Résolution de problèmes au C2 02-2015

17 février 2015 - Actions

Lors de ce stage plusieurs mises en situation des stagiaires ont permis de faire prendre conscience des difficultés rencontrées par les élèves et des modalités favorisant la compréhension et la résolution de problèmes.


Le mur du stage : http://fr.padlet.com/pascal_dellaqu1/iq18c0hvjjnn


Lors de ce stage plusieurs mises en situation des stagiaires ont permis de faire prendre conscience des difficultés rencontrées par les élèves et des modalités favorisant la compréhension et la résolution de problèmes.


La résolution de problèmes s’enseigne et prend tout son sens dans la réalité de la vie quotidienne des élèves. La démarche d’investigation a toute sa place en mathématique.

Des apports théoriques concernant la typologie des problèmes, la structure des énoncés, l’importance du langage ont été proposés. Une réflexion sur l’emploi des manuels et des fichiers, qui peuvent servir d’appui, mais ne doivent pas dicter, ni le calendrier, ni la pédagogie a été engagée.

Les stagiaires ont conçu, réalisé dans quatre classe, puis analysé et modifié des séances de résolution de problèmes.

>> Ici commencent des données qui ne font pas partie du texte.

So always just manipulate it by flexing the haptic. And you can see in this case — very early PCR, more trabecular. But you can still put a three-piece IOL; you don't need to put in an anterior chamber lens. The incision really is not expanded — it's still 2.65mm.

L’apport du numérique avec le TBI et le logiciel Sankoré a été proposé ainsi que l’emploi d’une visionneuse, d’appareils photos.

Une présentation du Rallye Maths du ROI au C3 a été suivie de la proposition d’organiser une manche test C2 lors du mois de juin.

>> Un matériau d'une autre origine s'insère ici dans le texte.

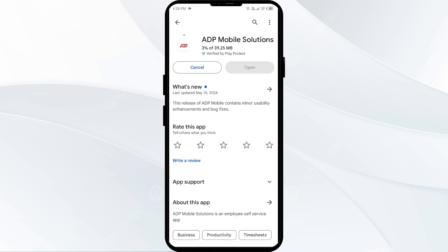If none of the above methods fixed the issue, the ADP app server may be down. In such cases, you may need to wait for some time and try again. Thank you for watching our video — we hope this helped resolve the ADP app issue for you.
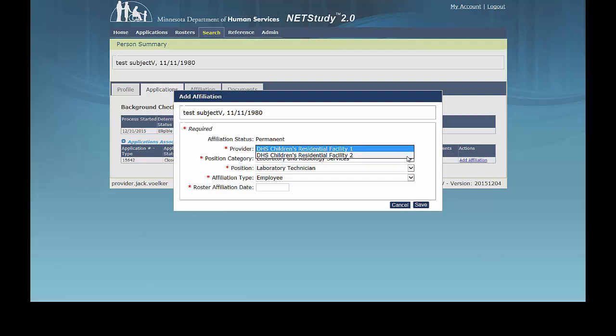The provider list that shows in the dropdown includes the licenses or organizations you can access. The background study determination should only be transferred to programs with the same or lower levels of background study requirements. NetStudy 2.0 programming supports this to the extent possible, but it is very important to keep in mind that it is the provider's responsibility to assure that all background study requirements are met.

Des documents illustrant ou accompagnant ce stage sont sur le mur et en pièces jointes.


Quelques pistes dégagées lors du stage :


Les règles de la numérotation orale qui révèlent des opérations cachées :


Dans 23 > Vingt-trois : si le premier mot nombre est supérieur au suivant cela représente une addition > 20 + 3
Dans 200 > si le premier mot nombre est inférieur au suivant cela représente une multiplication > 2 x 100
Ces règles se combinent 234 : 2 < 100 et 30 > 4
donc (2 x 100) + (30 + 4)
Il existe des mots nombre comme quinze, treize, trente.


Lorsque l’on prend en compte une question, il faut se laisser le temps de répondre, de différer la réponse.


L’importance de la compréhension de la langue en mathématique :

Les interactions entre la langue maternelle (malgache, créole, anglais, comorien) et la langue d’enseignement, celle des énoncés des problèmes peuvent générer de l’incompréhension.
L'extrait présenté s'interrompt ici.